Produce exactly the lines from the one holding "Luxury In - Sleeps -5 , Free Parking , York" through the last line of the data below, with every picture left out.

+++

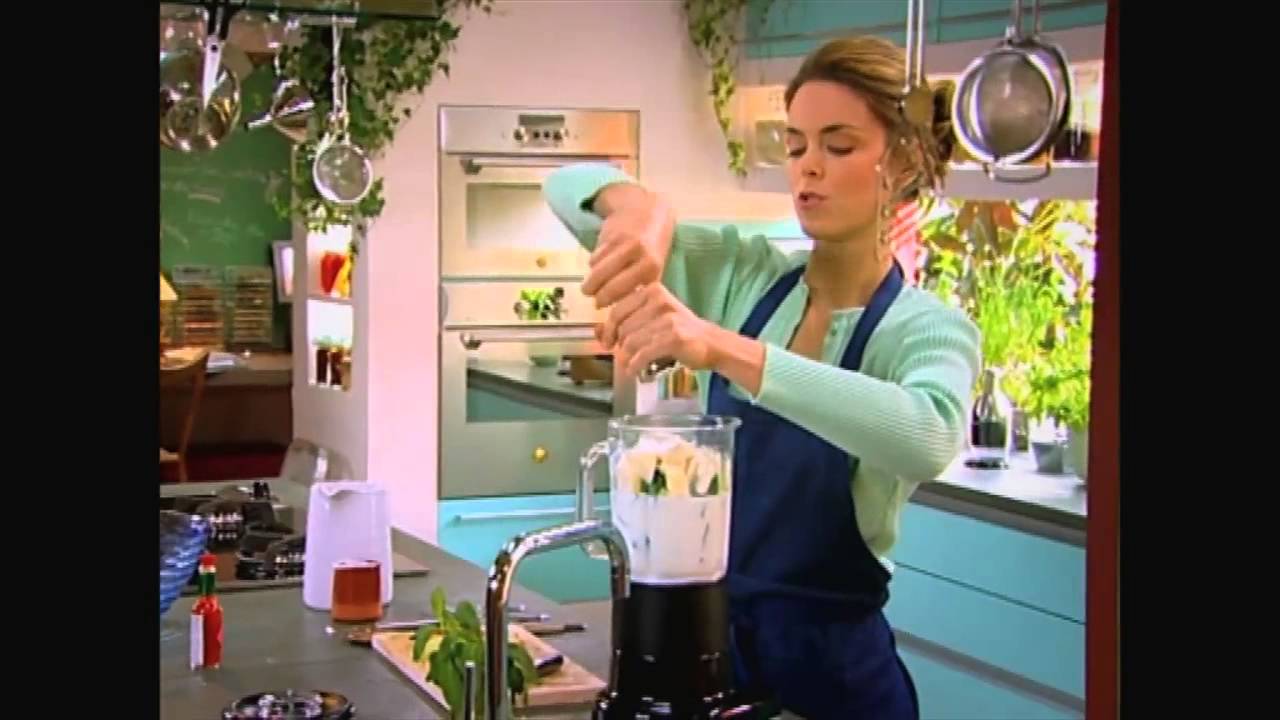 Video Soupe glacée de concombre et poires à la menthe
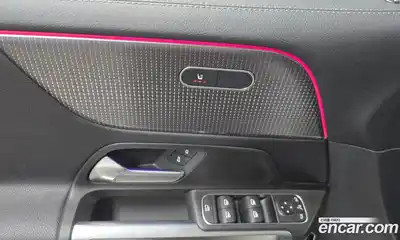 Mercedes-Benz GLB-Class 2022 1.9 Автомат в Москве № 138147, миниатюра 10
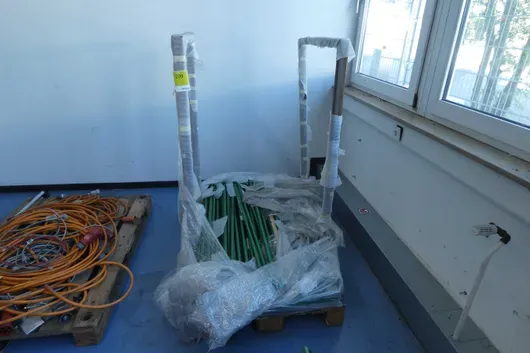 Posten Halterung, mit Palette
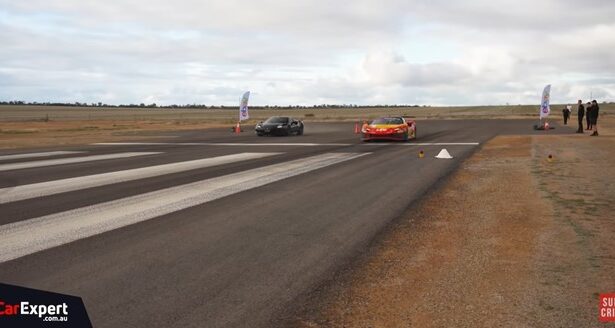 video masina de curse vs masina de strada 6890dcef98dbb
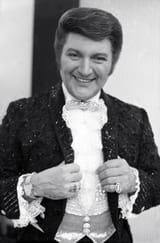 Liberace_8_Allan_Warren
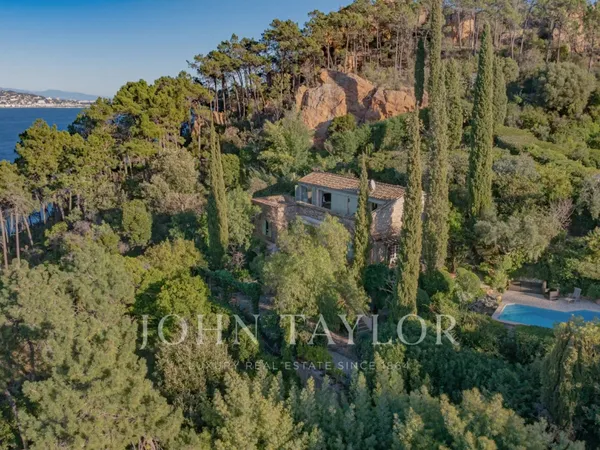 Propriété provençale de charme, vue mer, environnement verdoyant 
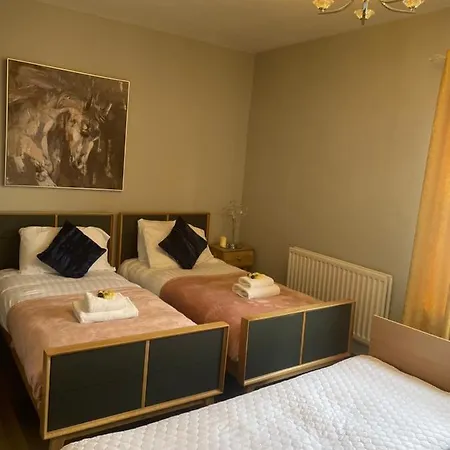Luxury In - Sleeps -5 , Free Parking , York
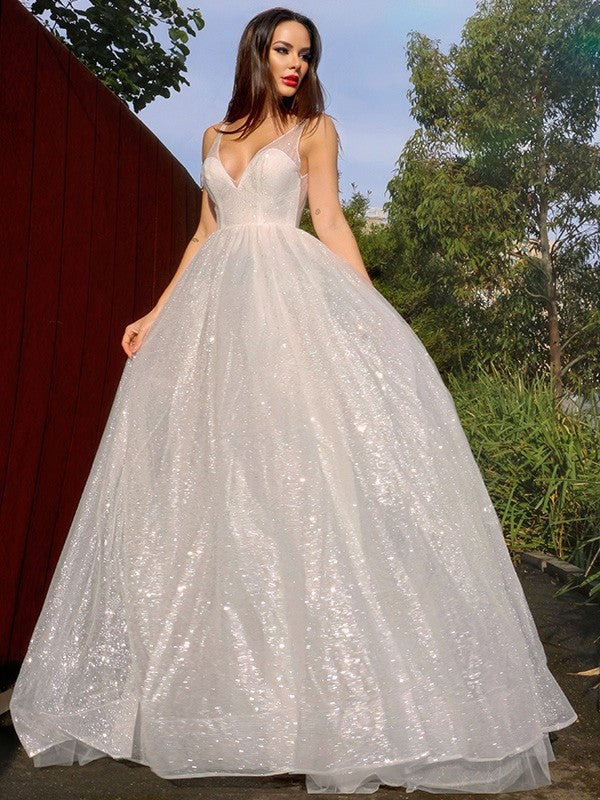 Robe trapèze/princesse sans manches, col en V, tulle, sequins, traîne courte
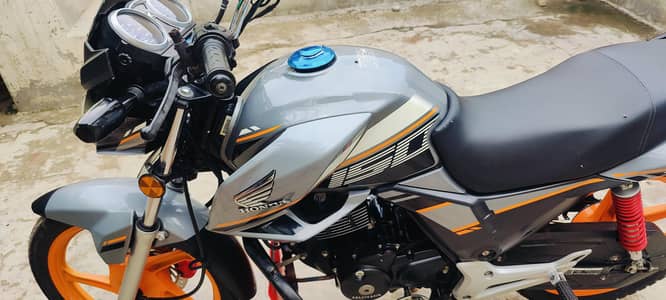 cb 150 f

+++

**EXPECTED OUTPUT**.
Luxury In - Sleeps -5 , Free Parking , York
 Robe trapèze/princesse sans manches, col en V, tulle, sequins, traîne courte
 cb 150 f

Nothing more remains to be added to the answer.